He was loud. Boy, was he loud. You could hear him from every corner of the theater. He was different. Quite possibly the most unique person I have ever met. He was about 6'6", glasses, piercings, scar art, tattoos - some good, some...choice, dreadlocks, Texan. Rocked the argyle and the bandana. He always had a bandana. And the wife beater, because the heaters in this place are always on. He's the only person I have ever known to successfully wear a sweater vest without looking like a major tool. He always said hello, even when it was obvious his day was going a lot worse than your's. Always.
He loved Macau. And when I say he loved Macau, I mean he loved us. He knew what the rest of us can be so quick to forget: these people get in your blood and stay there. He got into a spot of trouble here and had to leave us before he was ready; he knew he had messed up and he took the consequences like a man. But he was always around. Crazy suspension photos on Facebook, a like for your status or photo, a snarky comment. I thought he was invincible. He wasn't in Macau as long as some, but he left us with more memories and funny stories than most.
And now he won't be around anymore.
Heart of gold, I swear.
The only Derek story I want to share is this: back in my first winter in Macau, we were leaving work as a group. I was wearing my pompom hat, braids, mittens with flaps on them, and my bright pink parka with my backpack. I'm sure I looked 12. We went tripping merrily through the casino on our way to the bar and the security guard stopped us. Derek was the only one who understood what this man was asking and said, "It's Ok. She's 18. She's with us." I could not have been more different than the rest of the group, and Derek made me feel right there that I was a part of something here in Macau.
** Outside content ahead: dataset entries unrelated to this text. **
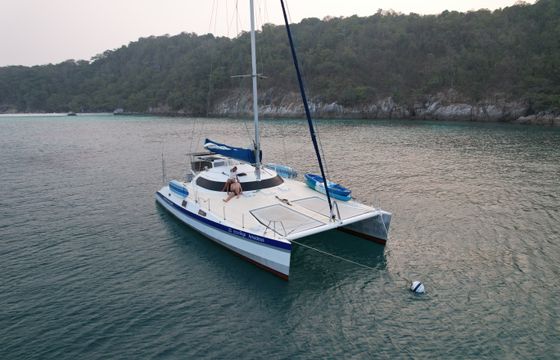 Amadeus Mumby 48 - Cabin Charter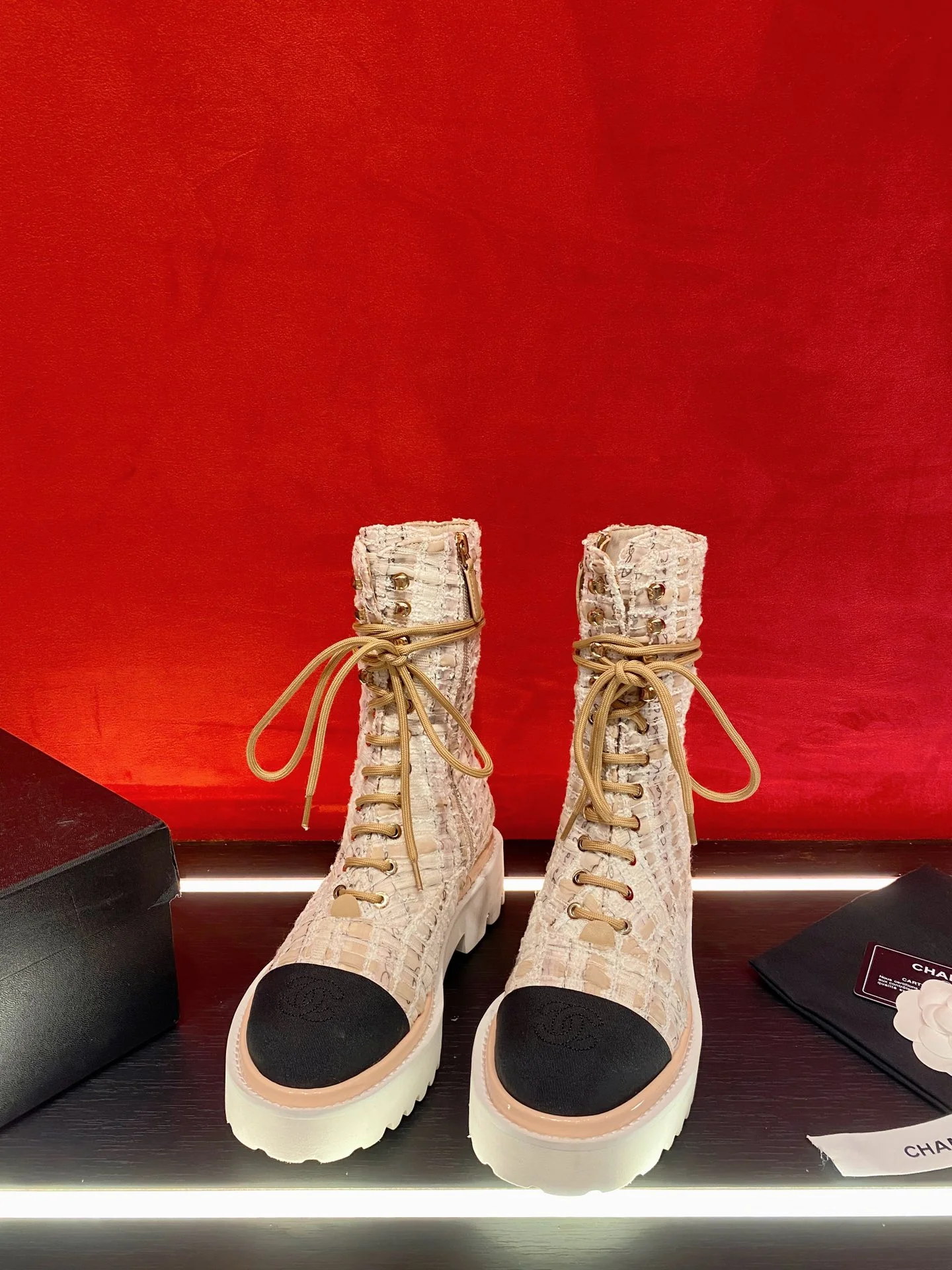 Новинка сезона осень/зима 2022 от Chanel — Ботинки Dr. Martens на платформе — Розовые с блестками — 5 см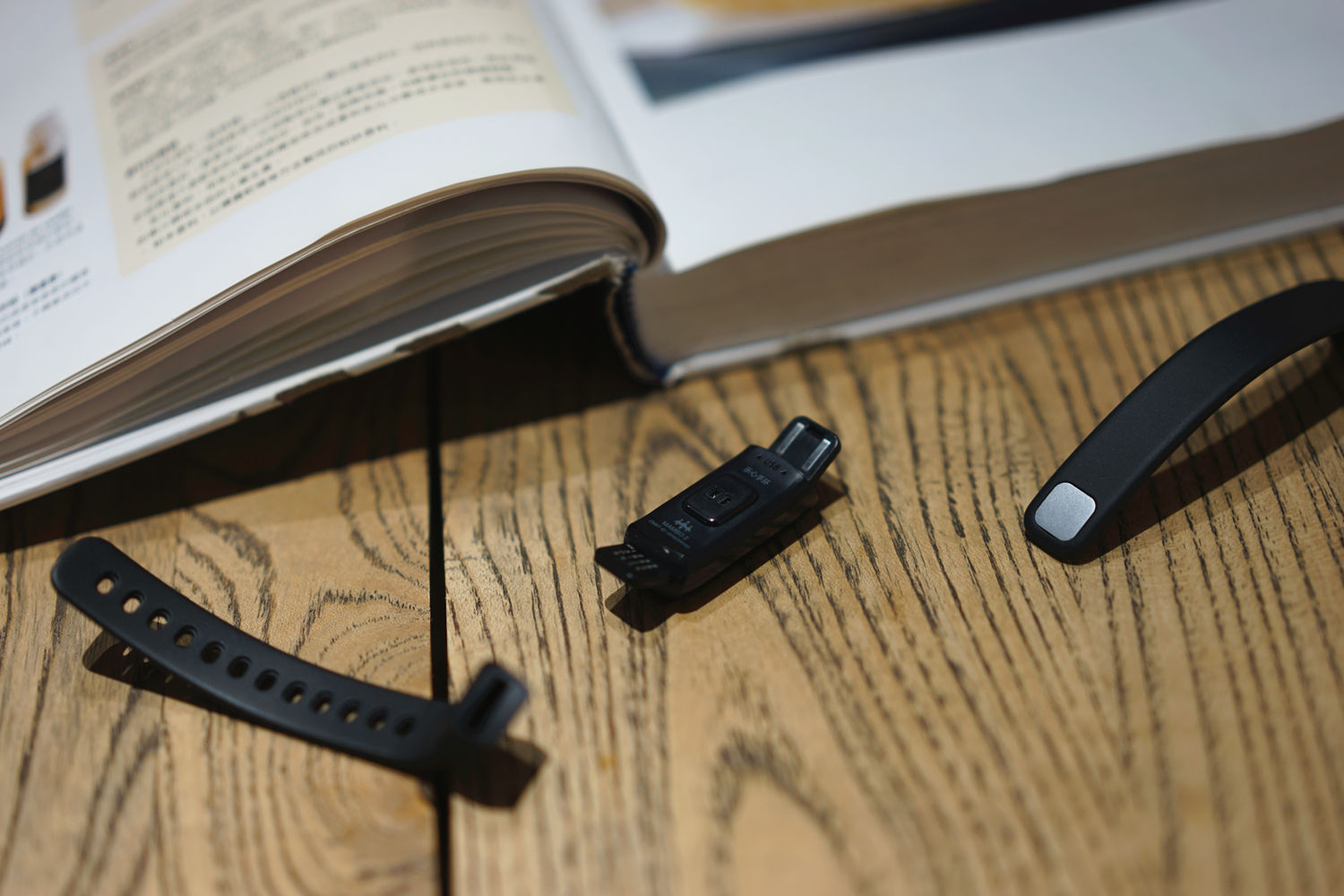 乐心手环mambo2代怎么连接微信,小米手环买到使用过的了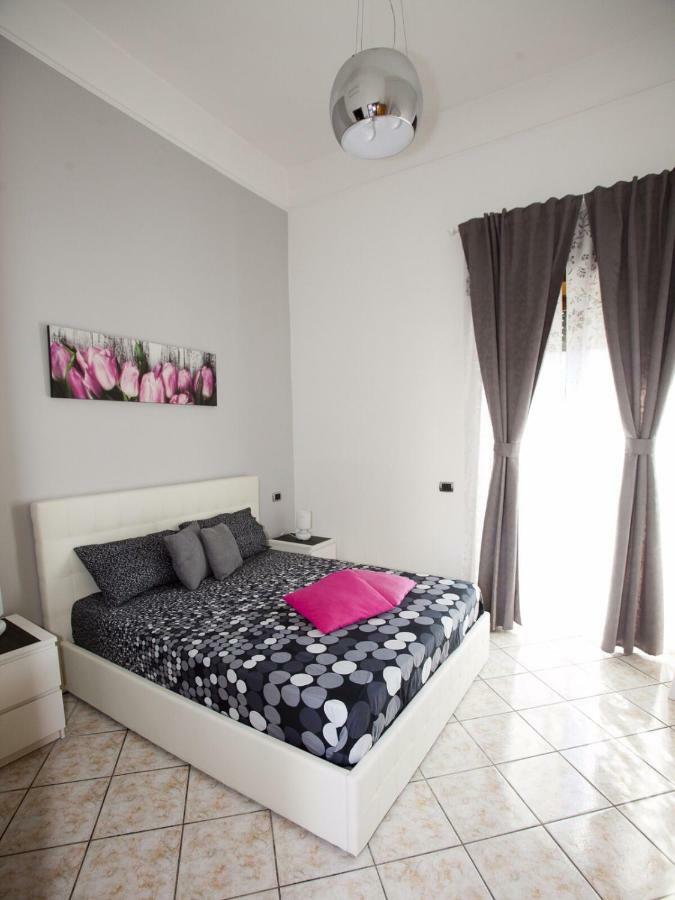 B&B Feni Помпей Екстериор снимка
Derek's love for Macau (re: us) was the subject of great debate Monday night after we learned of his passing and we finally realized, some of us, how lucky we are. I wish I could live in a bubble with some of the people I have met here for the rest of my life. I can't. Macau itself prevents that. But these people are my family. We live together, eat together, play together, and now we grieve together. Two years of my life with these people. In the trenches. Derek only had one year with us and he never forgot us. I hope I can do the same.
And if for some reason I go young, I want there to be no doubt: lift a corona for me at the pub (or a soda water with real lime - none of that lime cordial crap). Play Journey's Greatest Hits Live and as many 80s songs as you can think of. The good ones - hair bands, Queen, Springsteen, Whitney, etc,. I wish people would tell funny stories about me, laugh for me, cry for me - but not too many tears, because I would want to bring people together. Those of us left in Macau who knew Derek got together at the pub Monday night and lifted one up for him, told his stories, remembered the old days of Macau. It was nice, we don't really do that: just get the old crew together. That's the nature of our business: it's a revolving door for technicians. We like the new people, but sometimes you need someone who understands. We're never alone in this world. Not as long as there are people like Derek in it.
Godspeed Derek Hall Burford. You were a true original and your light in this world will be sorely missed.